Dimension 2 was differentiated by baseline physical activity level and psychosocial characteristics—family encouragement for dietary change, depression symptoms, and body size dissatisfaction. The moderate-and-steady cluster had the lowest scores on most of these. Its comparatively low score on baseline physical activity suggests a potential capacity for increased exercise. Its low score on family encouragement, as with the findings above regarding friend encouragement and the study by Kiernan et. al. (29), may suggest a deficiency in the instrument we used to measure social support (24). The instrument does not capture the patient experience, whether negative, positive, or neutral, of the types of “social support” itemized in its questions. Thus, it remains speculative as to why the moderate-and-steady cluster experienced weight loss success in the setting of low baseline family support. Finally, the cluster’s lower scores regarding depression symptoms and body size dissatisfaction may indicate low psychosocial baseline barriers in these domains (15,30). If these results are replicated, participants with similar baseline characteristics might benefit from intervention tailoring that expands on exercise-related skills-building and positive social support.
The substantial-and-early cluster scored the lowest on Dimension 1 and high on Dimension 2, driven by its relative psychosocial stability on multiple measures and high physical performance. The cluster reported baseline physical activity levels almost twice that of other clusters (Table 1) and three times the minimum recommended by U.S. national guidelines (~600 MET minutes/week) (31). If replicated, results for the substantial-and-early cluster highlight the importance of tailoring intervention components to participants who have already mastered certain skills, so that they can be targeted for enhancements or skills-building in areas not yet mastered.
Prior studies have examined weight change patterns over time. However, they included longer time intervals between measurements than the 1-week increments in the current study, making comparisons difficult. The Look AHEAD trial group assessed 1-month interval weight data from the first trial year, but in contrast to our findings found no evidence of distinct weight loss clusters (11). In another paper, the same trial group found that certain patterns of weight loss over the first trial year, specifically greater month-to-month weight loss and more gradual and sustained weight loss, were each associated with greater weight loss by trial year four (12).
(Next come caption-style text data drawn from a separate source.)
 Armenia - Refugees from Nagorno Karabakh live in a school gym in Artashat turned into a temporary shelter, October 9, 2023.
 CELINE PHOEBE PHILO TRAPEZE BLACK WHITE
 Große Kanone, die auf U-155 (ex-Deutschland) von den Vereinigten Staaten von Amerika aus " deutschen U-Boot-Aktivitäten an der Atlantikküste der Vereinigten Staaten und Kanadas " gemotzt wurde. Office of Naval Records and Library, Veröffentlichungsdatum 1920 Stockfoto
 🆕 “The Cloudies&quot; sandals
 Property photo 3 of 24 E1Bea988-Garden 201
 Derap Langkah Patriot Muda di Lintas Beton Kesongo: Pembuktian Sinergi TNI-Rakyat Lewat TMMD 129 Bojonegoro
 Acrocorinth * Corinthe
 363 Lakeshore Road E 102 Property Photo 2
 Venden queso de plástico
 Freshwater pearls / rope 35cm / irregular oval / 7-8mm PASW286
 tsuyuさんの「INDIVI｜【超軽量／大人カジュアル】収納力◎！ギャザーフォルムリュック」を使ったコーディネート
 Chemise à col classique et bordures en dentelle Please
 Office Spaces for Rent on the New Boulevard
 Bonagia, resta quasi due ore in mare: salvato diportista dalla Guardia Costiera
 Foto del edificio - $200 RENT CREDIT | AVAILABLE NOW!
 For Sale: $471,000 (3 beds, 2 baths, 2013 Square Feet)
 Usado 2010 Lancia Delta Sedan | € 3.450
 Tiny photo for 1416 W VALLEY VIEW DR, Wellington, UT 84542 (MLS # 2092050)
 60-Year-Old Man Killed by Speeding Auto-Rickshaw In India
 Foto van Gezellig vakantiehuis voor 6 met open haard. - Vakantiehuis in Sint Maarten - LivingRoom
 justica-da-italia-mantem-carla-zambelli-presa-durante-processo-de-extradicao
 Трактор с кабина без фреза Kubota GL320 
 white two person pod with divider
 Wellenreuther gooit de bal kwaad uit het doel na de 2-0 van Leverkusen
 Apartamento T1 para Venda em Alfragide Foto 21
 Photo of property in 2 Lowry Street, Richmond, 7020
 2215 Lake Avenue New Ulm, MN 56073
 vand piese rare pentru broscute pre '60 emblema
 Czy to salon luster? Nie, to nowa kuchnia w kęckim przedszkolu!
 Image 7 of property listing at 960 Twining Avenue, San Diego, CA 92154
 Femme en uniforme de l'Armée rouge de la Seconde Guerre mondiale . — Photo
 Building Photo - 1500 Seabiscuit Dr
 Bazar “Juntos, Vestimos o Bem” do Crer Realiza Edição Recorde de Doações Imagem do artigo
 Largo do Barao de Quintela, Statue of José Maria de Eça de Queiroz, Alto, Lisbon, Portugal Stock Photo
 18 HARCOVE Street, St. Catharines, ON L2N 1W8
Kumanyika et al. examined weight change patterns over three month increments among the elderly and identified patterns of less weight regain among blacks compared to whites (13).
Other studies have assessed whether baseline characteristics are predictive of final weight loss at trial completion. For most of the eight baseline predictors we identified as best differentiating between weight loss clusters, others have had similar results. We have already noted overlap between findings on social support and those of Kiernan et. al. (29). Our findings regarding other psychosocial characteristics also generally align with those of others. Teixeira et. al. reviewed the literature on psychosocial predictors of weight loss in trials targeting lifestyle modification (15). They concluded that higher body size dissatisfaction and lower obesity-related quality of life were associated with less successful weight loss. However, among behavioral weight loss trials published since the Teixeira review, Annesi et. al. found that higher baseline body size dissatisfaction was associated with more successful weight loss (30). Their trial included younger and all-female participants (mean age 44.2 years (SD 9.2)) and 52% white and 41% African American participants versus the current study’s composition. Regarding depression symptoms and weight loss, the literature is mixed. While a recent meta-analysis of population-based cross-sectional studies identified a significant positive association between obesity and depression among women, it did not identify one among men (32). In the trial literature, the Teixeira et. al. review concluded that depression was not an important predictor of weight loss. Among trials published more recently, Wolf et. al. reported that overweight male veterans with knee osteoarthritis who had higher levels of depression achieved lower weight loss (33), whereas Ludman et. al. found no difference in weight loss outcomes among women with and without major depression (34).
While it is known that physical activity is an important predictor of weight maintenance (35), there is less evidence on baseline physical activity level as a predictor of outcomes in weight loss trials. In the DPP, baseline physical activity level was not associated with diabetes outcome (36), although the mean reported baseline level of physical activity (930 MET min/wk) (2) was lower than that (1236) in the current study.
Among behavioral weight loss intervention studies that have included both men and women, most have not examined differences in outcome by sex (37), likely because they may not powered to do so—as is the current study. Those studies that have had adequate enrollment to evaluate outcomes by sex have generally found that men achieve greater weight loss than women (14). While our discriminant analyses identified sex as a contributor to both Dimensions 1 and 2, its canonical coefficients were low. Our analyses did not identify race/ethnicity as a factor distinguishing between clusters, but our sample size for sub-groups was low. Others have identified race as being associated with weight loss outcomes.
Finally, studies have examined adherence factors as predictors of longer-term weight loss and found them to be significant (38). The time frame and high attendance rates (72%–86%) in the current study are not directly comparable to the longer time frames and lower attendance rates (~54%) observed in other studies (38).
Others have called for research on intervention tailoring to narrow the gap in weight loss outcomes among subgroups (15, 16). The current study extends this literature by identifying baseline characteristics that distinguish between short-term weight loss patterns that are, in turn, predictive of achievement (or lack of achievement) of clinically significant weight loss by 15-month follow-up. While these findings are exploratory, they suggest intriguing avenues for investigation on tailoring intervention components to important patient subgroups.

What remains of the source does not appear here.